For those of us on a tight budget, consider just buying fractional shares in dollar amounts. Not all brokerages allow this, but Robinhood sure does!
Also, markets are closed on Monday.
USOI - $82.18, next ex-div should be sometime in late January. Distributions monthly. This is a commodities-based ETF focused on, can you guess it? Crude oil. This is a Credit Suisse security, a company that isn’t in the business of losing money.
This month’s distribution is $1.23/share. This represents an annualized 17.9% return.
XYLD - $39.56, this ETF is about $10/share lower than it was at the start of the year. This tracks covered calls on S&P 500 securities.
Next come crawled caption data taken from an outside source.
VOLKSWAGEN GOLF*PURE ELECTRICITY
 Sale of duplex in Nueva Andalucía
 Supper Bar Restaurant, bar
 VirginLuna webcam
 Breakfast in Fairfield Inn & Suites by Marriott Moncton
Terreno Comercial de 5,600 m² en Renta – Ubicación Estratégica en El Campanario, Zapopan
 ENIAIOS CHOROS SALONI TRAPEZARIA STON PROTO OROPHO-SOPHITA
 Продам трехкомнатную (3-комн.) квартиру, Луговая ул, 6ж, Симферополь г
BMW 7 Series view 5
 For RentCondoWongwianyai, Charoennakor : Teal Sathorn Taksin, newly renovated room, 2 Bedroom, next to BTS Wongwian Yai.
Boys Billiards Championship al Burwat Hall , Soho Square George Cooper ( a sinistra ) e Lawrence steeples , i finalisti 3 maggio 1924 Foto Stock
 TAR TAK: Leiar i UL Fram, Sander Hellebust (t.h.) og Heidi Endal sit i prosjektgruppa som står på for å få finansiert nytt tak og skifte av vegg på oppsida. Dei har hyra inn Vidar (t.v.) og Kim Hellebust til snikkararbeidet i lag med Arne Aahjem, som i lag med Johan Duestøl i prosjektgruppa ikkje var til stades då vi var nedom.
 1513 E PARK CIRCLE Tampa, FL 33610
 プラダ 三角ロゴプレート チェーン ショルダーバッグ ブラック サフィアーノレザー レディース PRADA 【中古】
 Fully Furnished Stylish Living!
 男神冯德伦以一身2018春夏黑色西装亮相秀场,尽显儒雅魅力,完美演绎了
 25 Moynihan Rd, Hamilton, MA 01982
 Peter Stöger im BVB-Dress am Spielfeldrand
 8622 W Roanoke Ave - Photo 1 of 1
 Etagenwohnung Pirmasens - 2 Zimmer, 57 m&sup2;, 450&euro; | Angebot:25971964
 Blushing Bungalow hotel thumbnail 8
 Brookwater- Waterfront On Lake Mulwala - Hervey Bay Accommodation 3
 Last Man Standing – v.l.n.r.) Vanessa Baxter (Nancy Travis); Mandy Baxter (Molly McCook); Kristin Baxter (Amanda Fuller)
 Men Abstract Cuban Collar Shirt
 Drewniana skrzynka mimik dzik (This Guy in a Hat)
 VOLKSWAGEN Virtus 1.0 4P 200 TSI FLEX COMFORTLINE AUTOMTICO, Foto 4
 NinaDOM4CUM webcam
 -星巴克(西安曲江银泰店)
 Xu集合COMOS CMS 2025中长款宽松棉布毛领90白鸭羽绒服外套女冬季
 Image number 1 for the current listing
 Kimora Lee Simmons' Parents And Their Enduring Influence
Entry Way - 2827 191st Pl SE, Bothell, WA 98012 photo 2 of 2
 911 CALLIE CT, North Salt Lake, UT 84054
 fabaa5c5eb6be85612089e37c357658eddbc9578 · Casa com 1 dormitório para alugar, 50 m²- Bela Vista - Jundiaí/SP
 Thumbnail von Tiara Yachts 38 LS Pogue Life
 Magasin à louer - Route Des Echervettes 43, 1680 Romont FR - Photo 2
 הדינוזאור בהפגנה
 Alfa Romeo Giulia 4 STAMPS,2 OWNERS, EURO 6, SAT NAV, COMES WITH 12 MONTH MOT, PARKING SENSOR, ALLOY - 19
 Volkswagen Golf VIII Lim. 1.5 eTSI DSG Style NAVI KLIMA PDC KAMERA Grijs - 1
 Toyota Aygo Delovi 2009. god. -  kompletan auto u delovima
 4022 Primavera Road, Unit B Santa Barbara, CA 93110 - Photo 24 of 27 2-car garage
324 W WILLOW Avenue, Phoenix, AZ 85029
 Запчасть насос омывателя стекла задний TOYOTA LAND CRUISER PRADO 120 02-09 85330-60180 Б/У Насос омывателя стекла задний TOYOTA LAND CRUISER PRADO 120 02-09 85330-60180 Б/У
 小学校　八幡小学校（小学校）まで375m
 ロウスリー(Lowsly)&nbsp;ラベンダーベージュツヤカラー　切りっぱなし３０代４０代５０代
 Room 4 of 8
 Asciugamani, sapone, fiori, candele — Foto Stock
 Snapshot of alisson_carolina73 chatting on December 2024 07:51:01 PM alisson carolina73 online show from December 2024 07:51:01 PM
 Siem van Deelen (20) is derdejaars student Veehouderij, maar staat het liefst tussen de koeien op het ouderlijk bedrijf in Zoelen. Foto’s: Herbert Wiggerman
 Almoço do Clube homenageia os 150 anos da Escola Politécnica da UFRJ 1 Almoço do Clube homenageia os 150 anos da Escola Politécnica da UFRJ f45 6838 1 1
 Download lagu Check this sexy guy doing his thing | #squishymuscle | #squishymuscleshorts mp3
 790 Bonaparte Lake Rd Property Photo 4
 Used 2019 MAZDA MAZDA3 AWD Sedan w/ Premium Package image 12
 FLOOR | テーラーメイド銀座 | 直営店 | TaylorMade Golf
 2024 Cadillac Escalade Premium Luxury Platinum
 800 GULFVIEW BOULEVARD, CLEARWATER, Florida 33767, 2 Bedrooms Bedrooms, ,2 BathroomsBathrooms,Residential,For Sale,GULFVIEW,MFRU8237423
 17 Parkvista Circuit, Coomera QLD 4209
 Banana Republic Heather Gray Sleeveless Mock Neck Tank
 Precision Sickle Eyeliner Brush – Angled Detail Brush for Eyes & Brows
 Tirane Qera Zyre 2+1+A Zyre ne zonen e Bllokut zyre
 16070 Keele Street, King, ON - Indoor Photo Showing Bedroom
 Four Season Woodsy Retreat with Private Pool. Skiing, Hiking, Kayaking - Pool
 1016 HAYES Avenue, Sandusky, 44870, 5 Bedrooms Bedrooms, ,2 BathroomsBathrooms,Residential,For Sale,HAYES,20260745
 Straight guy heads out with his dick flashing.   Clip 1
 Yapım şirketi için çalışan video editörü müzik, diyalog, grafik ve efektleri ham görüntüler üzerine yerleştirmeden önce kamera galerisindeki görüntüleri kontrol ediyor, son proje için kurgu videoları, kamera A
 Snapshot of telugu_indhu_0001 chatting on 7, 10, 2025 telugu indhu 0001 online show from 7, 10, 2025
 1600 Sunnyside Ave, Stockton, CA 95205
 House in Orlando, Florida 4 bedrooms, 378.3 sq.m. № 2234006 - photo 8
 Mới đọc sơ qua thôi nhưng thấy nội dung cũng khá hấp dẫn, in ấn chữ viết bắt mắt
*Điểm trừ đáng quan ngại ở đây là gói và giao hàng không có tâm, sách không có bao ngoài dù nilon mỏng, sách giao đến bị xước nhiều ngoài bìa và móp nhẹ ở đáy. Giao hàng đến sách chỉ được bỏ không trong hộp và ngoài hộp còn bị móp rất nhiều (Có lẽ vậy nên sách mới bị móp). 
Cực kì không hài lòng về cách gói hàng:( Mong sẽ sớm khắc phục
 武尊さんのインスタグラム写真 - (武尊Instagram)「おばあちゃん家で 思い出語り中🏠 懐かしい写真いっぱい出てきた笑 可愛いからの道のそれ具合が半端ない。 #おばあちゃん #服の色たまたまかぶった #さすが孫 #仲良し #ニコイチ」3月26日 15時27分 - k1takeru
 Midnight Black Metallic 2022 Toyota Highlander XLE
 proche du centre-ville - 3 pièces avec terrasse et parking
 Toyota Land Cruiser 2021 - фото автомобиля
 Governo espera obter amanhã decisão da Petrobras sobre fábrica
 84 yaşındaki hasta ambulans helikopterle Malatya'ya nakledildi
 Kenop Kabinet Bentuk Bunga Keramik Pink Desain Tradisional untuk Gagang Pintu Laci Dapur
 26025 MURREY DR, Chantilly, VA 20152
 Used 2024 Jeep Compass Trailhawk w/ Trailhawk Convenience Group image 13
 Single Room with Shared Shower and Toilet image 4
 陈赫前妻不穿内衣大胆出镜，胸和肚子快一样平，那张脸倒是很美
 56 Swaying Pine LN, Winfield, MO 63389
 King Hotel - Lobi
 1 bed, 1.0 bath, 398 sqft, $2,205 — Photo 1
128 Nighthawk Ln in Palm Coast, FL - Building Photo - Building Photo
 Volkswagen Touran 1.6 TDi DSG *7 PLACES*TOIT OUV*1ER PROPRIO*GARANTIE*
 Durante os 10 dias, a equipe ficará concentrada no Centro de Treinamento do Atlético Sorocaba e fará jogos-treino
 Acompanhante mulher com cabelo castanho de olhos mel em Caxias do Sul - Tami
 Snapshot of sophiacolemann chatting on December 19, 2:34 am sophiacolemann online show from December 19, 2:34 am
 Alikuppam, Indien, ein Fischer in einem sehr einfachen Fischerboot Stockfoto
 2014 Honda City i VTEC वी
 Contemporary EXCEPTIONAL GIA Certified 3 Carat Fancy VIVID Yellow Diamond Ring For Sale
TD Ameritrade is reporting a 13.26% annualized return at this price.
The only question now is - will the S&P stop sinking anytime soon?
ORC - $11.06, ex-div 12/29, 17.42% annualized monthly distributions. This security underwent a reverse split not too long ago, so the price is actually lower than it “should” be and is currently recommended as “Sell” by various outlets.
Screw that! Orchid Island Capital is a REIT. Why wouldn’t we want a high-yield REIT at a discount?
The primary consideration is that you can almost guarantee the share price to stay where it’s at or decline. This could make exiting your position difficult. In our overall experience, however, we have found ORC to be more stable than what “professional analysts” (aka columnists at Yahoo! and Bloomberg) seem to suggest.Then again, if you’re buying equities alongside Rockydennis Presents, then selling your shares in the near-term isn’t part of the gameplan (usually)!
CHMI -$6.08/share, ex-div 12/29. This residential REIT’s share price is down, while the yield is annualizing a tad high, at 17.94%.
We had initially favored other securities over this one, and are glad we waited. Now we capitalize on what to us is a discount.If we’re being honest, though, there’s pretty much never a situation where we recommend -against- a REIT. That is, unless, the company is based in China or owned by criminals. Even then, Fannie Mae still generates massive revenue, so….
JPM - $130.90/share, quarterly dividends, weekly options. Speaking of criminals….JP Morgan Chase! Just kidding (not really). While the 3% return isn’t very exciting (particularly when compared to US Treasuries), this is a nice single stock that is a safe place to park some money.
Those who have been with us will know that ACVF is our go-to safe space, but the yield is even lower and still represents its own risks (barely). We here at Rockydennis Presents can’t imagine a world where JP Morgan isn’t making money.
Why we don’t recommend JNJ anymore, despite being essentially the same as far as our dollars are concerned. - Frankly, we don’t care for their involvement with certain experimental drugs that have caused widespread damage to individuals and their savings. A family company? Hardly.
We don’t mind evil, but we draw the line at hypocrisy. And Black Rock.